While the interaction between EE2 and genetic sex on gene expression suggested that
exposure to EE2 is mostly interfering with the development of a phenotype that would
correspond to the genotypic sex, we nevertheless found two genetic males that had developed
ovarian tissues when exposed to EE2. It is possible that we missed some sex-reversal and the
rate of sex reversal is higher, because we learned only during the course of the study that the
grayling is a rare example (and probably even the only one so far) of an undifferentiated
gonochorist that goes through an all-male stage before gonads differentiate into testes and
ovaries [27]. Testis tissue in early juveniles can therefore not be interpreted as evidence for
normal development of a male phenotype, and we probably stopped the study too early to get
a reliable estimate of the rate of sex reversals in grayling exposed to EE2. However, by the
end of the study, nearly all genetic females had developed ovarian tissue. This suggests that
the rate of sex reversals is either low indeed, or that sex reversal would slow down gonad
development so much that we would have missed many sex-reversed individuals within our
observational window. We know of no examples or arguments in the literature that would
support the latter possibility. However, we found that ecologically relevant concentrations of
EE2 could affect sex determination in at least some individuals. It would therefore be
interesting to learn what makes an early embryo susceptible or resistant against chemically
induced sex reversal.
Our gene expression analysis suggested that exposure to EE2 induces effects in the
transcriptomes of the brain that could be interpreted as partial sex reversal, especially around
hatching time when many genes were differentially upregulated in genetic females and
downregulated in genetic male, and vice versa, under the influence of EE2. At the day of
hatching, genetic males appeared to have a somewhat feminized transcriptome when treated
with EE2. This effect seemed to cease before the first feeding stage. Genetic females seemed
to experience some form of masculinization of the transcriptome of the brain, at least from
hatching day to first feeding stage.
Estrogens are known to affect functions of the nervous system, including synapsis
homeostasis [46], neurogenesis [47], and sexual differentiation [47-49]. The latter association
is particularly interesting here because estrogens have repeatedly been shown to induce, to
some degree, a masculinization of the brain [47-49]. This is because androgenic hormones,
produced mainly in the male gonads, are transformed by brain cells into estrogen that
subsequently act locally via specific receptors to induce typical male development [48].

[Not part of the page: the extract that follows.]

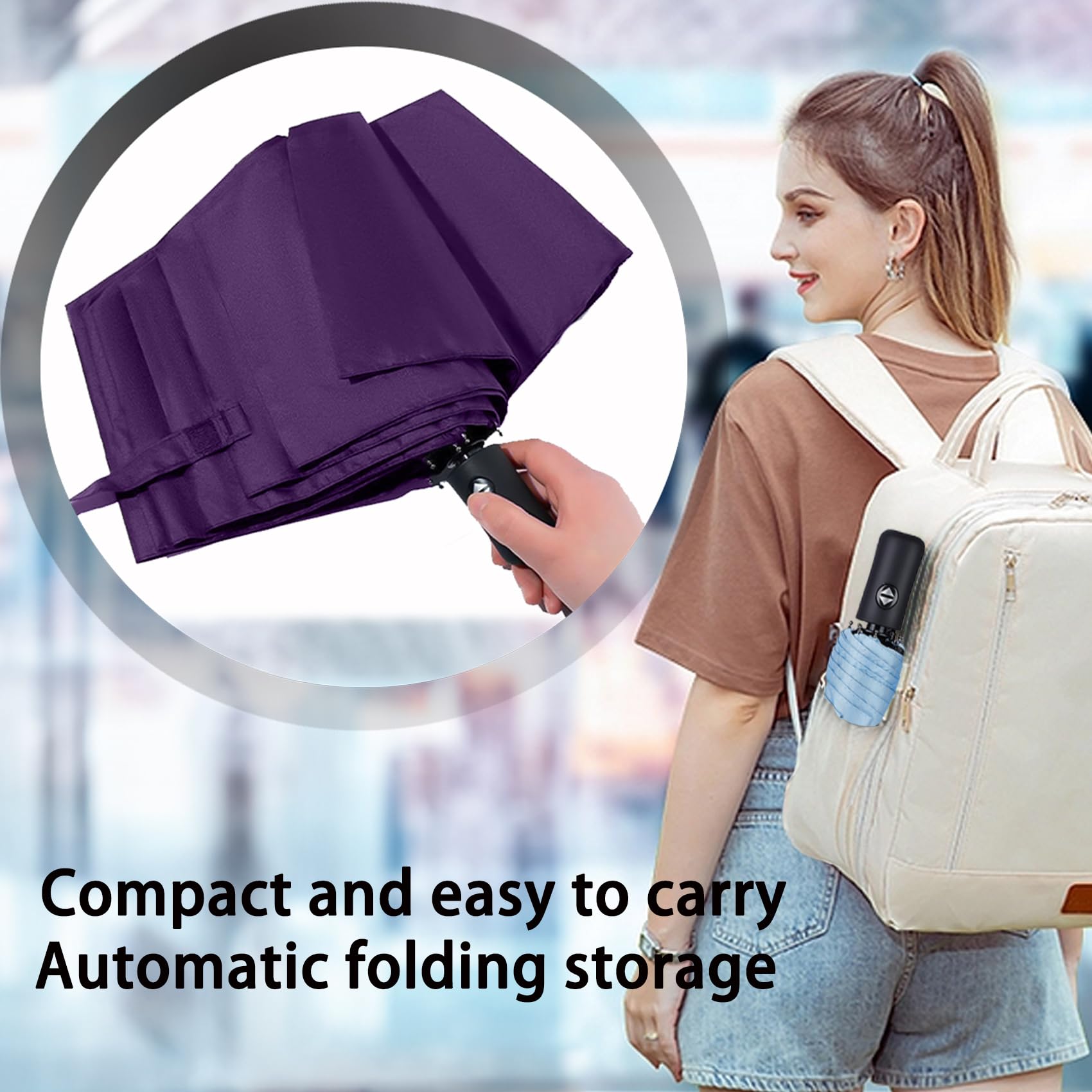 SIEPASA Windproof Travel Compact Umbrella - Automatic Open Close Umbrella for Rain - Portable Folding Umbrella for Men, Women & Teens - Lightweight & Strong Frame - Perfect for Commuting, Travel & Outdoor Activities (Purple)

In salmonids, gonadal precursor cells typically differentiate during the weeks that
follow hatching [17, 50]. During this period, the emergence of an endogenous synthesis of
sexual hormones could explain why we observe a divergent response between sexes,
especially if we consider that endocrine active compounds often elicits non-monotonic doseresponses [51, 52]. Such dose-effects could explain why we observed strong sex-specific
responses to EE2 at hatching day and why these responses partly declined towards first
feeding stage. Apart from the likely effects of EE2 on normal development of male and
female phenotypes, exposure to EE2 also affected the expression of genes linked to many
other physiological systems, including, for example, various aspects of the immune system,
the endocrine system, the development of skeletal muscles, or of the digestive system.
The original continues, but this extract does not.